(Short descriptive text snippets)
- - -

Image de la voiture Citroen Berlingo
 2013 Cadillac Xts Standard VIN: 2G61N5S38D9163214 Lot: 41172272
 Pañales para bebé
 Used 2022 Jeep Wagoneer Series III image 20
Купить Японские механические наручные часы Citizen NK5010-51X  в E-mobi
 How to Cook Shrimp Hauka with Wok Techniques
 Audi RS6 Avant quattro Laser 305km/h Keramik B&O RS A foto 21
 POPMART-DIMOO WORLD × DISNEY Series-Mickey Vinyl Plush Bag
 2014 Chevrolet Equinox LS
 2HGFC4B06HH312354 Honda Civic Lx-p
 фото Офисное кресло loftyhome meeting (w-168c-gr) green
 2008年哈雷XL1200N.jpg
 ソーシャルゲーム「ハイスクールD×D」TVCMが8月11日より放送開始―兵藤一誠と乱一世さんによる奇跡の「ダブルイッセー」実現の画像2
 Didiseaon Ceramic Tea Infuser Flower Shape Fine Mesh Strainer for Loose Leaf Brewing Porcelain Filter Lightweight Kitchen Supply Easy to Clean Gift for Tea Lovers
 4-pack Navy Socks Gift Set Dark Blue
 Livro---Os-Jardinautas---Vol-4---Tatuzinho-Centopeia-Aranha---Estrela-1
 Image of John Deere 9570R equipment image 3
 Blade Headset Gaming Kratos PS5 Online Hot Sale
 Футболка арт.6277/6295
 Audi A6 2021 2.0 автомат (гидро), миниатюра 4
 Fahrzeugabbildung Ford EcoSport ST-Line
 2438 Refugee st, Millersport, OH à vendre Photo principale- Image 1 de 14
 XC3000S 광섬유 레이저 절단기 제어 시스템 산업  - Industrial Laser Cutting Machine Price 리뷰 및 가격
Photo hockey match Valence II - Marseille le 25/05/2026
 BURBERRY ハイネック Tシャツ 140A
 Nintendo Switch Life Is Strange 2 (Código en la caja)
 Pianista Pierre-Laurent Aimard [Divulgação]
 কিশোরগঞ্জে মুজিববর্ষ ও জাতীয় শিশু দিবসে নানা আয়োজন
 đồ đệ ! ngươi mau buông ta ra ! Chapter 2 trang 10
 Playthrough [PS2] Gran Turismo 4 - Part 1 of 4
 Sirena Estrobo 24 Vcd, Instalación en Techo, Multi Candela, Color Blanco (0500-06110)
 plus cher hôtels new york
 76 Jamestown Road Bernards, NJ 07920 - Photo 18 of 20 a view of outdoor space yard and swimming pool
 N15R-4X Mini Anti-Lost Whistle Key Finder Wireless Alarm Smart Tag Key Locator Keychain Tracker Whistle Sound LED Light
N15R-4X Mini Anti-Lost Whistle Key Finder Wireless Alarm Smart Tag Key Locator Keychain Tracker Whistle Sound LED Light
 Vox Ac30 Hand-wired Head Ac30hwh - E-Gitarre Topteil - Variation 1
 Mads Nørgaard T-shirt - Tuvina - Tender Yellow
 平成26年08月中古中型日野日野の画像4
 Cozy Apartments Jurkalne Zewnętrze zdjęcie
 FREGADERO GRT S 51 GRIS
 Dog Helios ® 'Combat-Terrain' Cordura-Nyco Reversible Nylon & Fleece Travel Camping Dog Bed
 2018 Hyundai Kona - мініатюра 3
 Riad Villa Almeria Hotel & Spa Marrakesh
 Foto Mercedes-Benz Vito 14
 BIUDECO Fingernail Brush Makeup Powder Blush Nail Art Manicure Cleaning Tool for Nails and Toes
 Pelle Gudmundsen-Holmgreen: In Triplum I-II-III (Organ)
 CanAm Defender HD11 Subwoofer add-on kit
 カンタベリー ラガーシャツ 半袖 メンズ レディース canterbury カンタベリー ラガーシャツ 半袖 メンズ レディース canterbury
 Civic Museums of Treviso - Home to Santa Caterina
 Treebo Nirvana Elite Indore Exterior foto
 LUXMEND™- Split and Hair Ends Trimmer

- - -

WORK TO COMPLETE:
All lines above that include the word "Whistle" must be copied into the answer.

SOLUTION TO THE EXERCISE:
 N15R-4X Mini Anti-Lost Whistle Key Finder Wireless Alarm Smart Tag Key Locator Keychain Tracker Whistle Sound LED Light
N15R-4X Mini Anti-Lost Whistle Key Finder Wireless Alarm Smart Tag Key Locator Keychain Tracker Whistle Sound LED Light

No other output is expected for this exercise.